In the entries that follow, the lines from the line containing "Abercrombie black mock" up to and including the line containing "Lavender Galaxy Rose" must be copied exactly, with pictures omitted.

*** Data provided

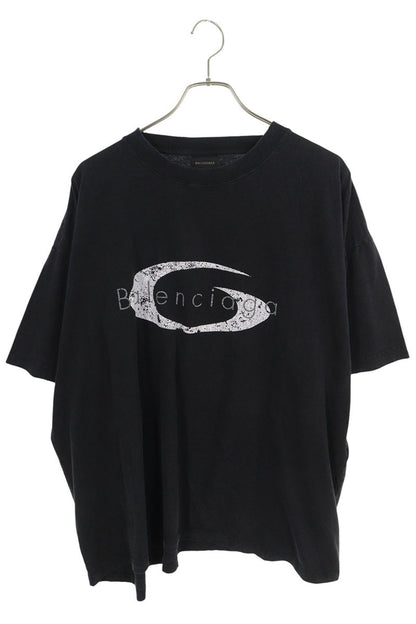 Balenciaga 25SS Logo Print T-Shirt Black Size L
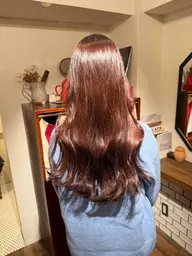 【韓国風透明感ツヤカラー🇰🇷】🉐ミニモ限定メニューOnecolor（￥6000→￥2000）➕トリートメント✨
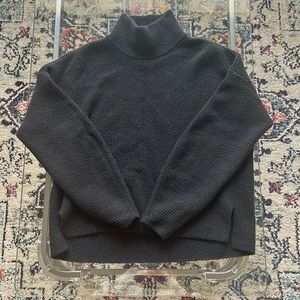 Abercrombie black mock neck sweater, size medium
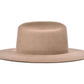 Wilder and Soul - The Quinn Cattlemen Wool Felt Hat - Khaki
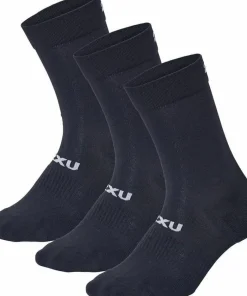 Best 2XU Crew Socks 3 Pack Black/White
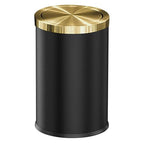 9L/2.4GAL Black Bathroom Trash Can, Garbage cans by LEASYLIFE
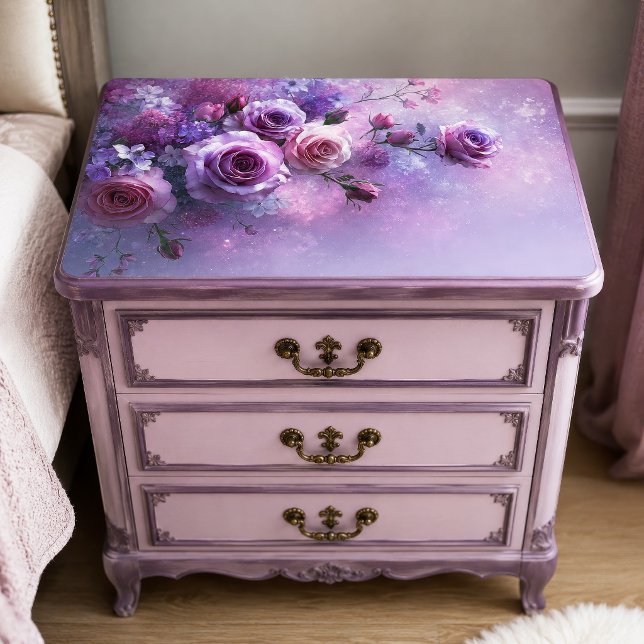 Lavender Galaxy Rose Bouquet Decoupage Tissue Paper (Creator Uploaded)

******
*** Data provided

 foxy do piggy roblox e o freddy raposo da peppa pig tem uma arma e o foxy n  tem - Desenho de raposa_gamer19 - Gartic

******
*** Data provided

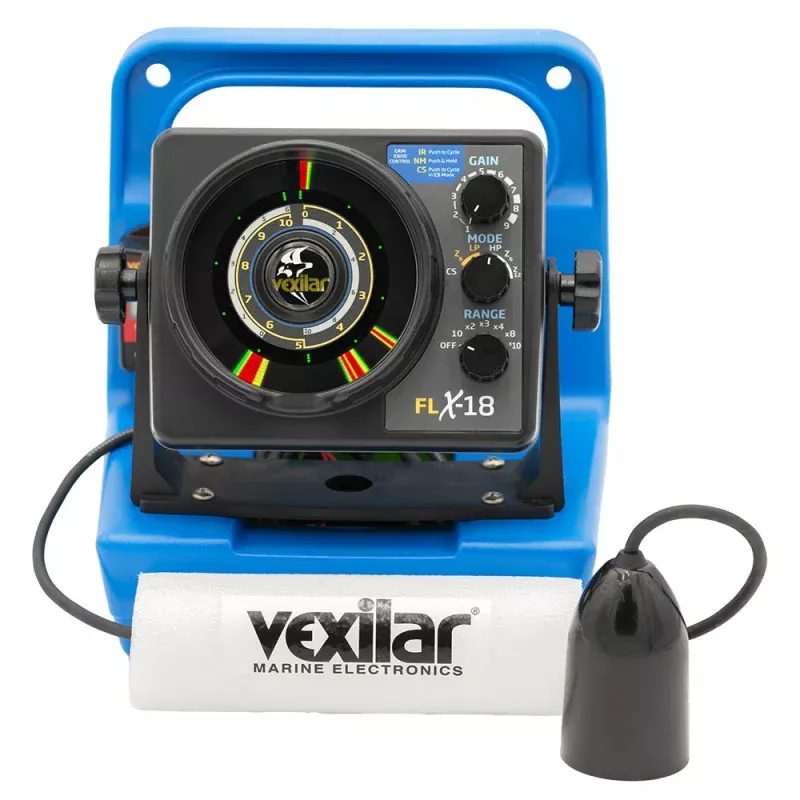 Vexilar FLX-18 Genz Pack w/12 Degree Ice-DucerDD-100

******

* **Solution to the problem**
 Abercrombie black mock neck sweater, size medium
 Wilder and Soul - The Quinn Cattlemen Wool Felt Hat - Khaki
 Best 2XU Crew Socks 3 Pack Black/White
 9L/2.4GAL Black Bathroom Trash Can, Garbage cans by LEASYLIFE
 Lavender Galaxy Rose Bouquet Decoupage Tissue Paper (Creator Uploaded)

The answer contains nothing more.